To acknowledge that times are changing is hardly insightful. Nor is it particularly revolutionary. It is not as if no one has noticed it before and it is not as if everyone else is contesting this fact. But what we do with this realisation is key. How do we act, if we act at all?
As winter is moving toward spring and we are getting ready for the agricultural season, I could not help but think about this coming rainy season. Will this be a good one? Will it be sufficient to break the drought? Or should we get ready for another year of agricultural misery?
Given the current state of the economy, will we as a nation even be able to handle another dry year? Gloom threatened to conquer my mind.
Climate change is perhaps the single most important developmental challenge of our time. Yet, other than poking our heads in the ground and denying that there is such a problem, here in Namibia, we seem to be ill-prepared for its effects.
Consider the following facts in assessing our progress to what the World Food Programme refers to as Zero Hunger:
1. Our agricultural methods (both subsistence and commercial) are not effective. Only about 40% of the food we consume is produced locally. The country relies on imports to cover the deficit. Imported food is expensive and prices fluctuate frequency. Almost 30% of Namibian households have difficulty accessing food. Overall, 80% of Namibians have to buy food to feed themselves.

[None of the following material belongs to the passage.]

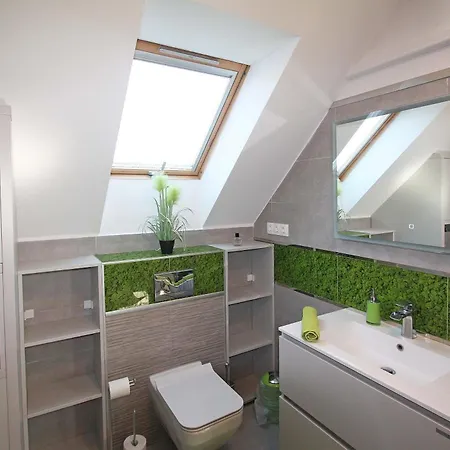 Lux Apartmanhaz Apartman *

2. Many Namibians, including small-scale farmers, have problems with access to nutritious food due to recurrent droughts, floods, low productivity and limited access to land. These translate into poorly diversified diets and persistent malnutrition. Overall, one quarter of Namibian children under the age of five experience stunted growth, and in some rural areas, it is as high as 30%.
3. Back in 2017, 17% of the Namibian population was considered poor and unemployment was around 35%.
The picture with regard to food security in Namibia is bleak; in fact, I would consider it very bleak.
Namibians are eternal optimists when it comes to rain. Everyone I spoke to this past week agreed to the fact that they have ‘a feeling’ this is going to be a good rainy season.
Recently, the Afrobarometer published a report on Africans’ perceptions and opinions on climate change. They include the following:
1. Most Africans say climatic conditions for agricultural production has got worse in their region over the past decade. Although 34% of Namibians agreed with this observation, 20% felt it had actually got better. Although it is possible that this number will decrease because of the current drought (and the Namibian data is from 2017), one still wonders where such opinions come from.
2. Ignorance may have something to do with it. According to the Afrobarometer survey, Namibia ranks among Africa’s least literate countries on climate change. Nearly half the population (48%) claimed they have no knowledge of climate change. Only 28% of Africans are fully ‘climate change literate’.
3. According to the Notre Dame Global Adaptation Initiative Index, Namibia is ranked 127th on its list of over 180 countries with regard to food vulnerability. This score takes into account many of the issues we have raised thus far: Food production and demand, nutrition, and rural population. It uses indicators such as projected change of cereal yields and population growth, food import dependency, rural population, agriculture capacity, and child malnutrition.
The times are changing, and we seem to be ignorant and unprepared for it. The current drought is a sign of times to come. Even if the next season brings good rains, it will bring only temporary relief.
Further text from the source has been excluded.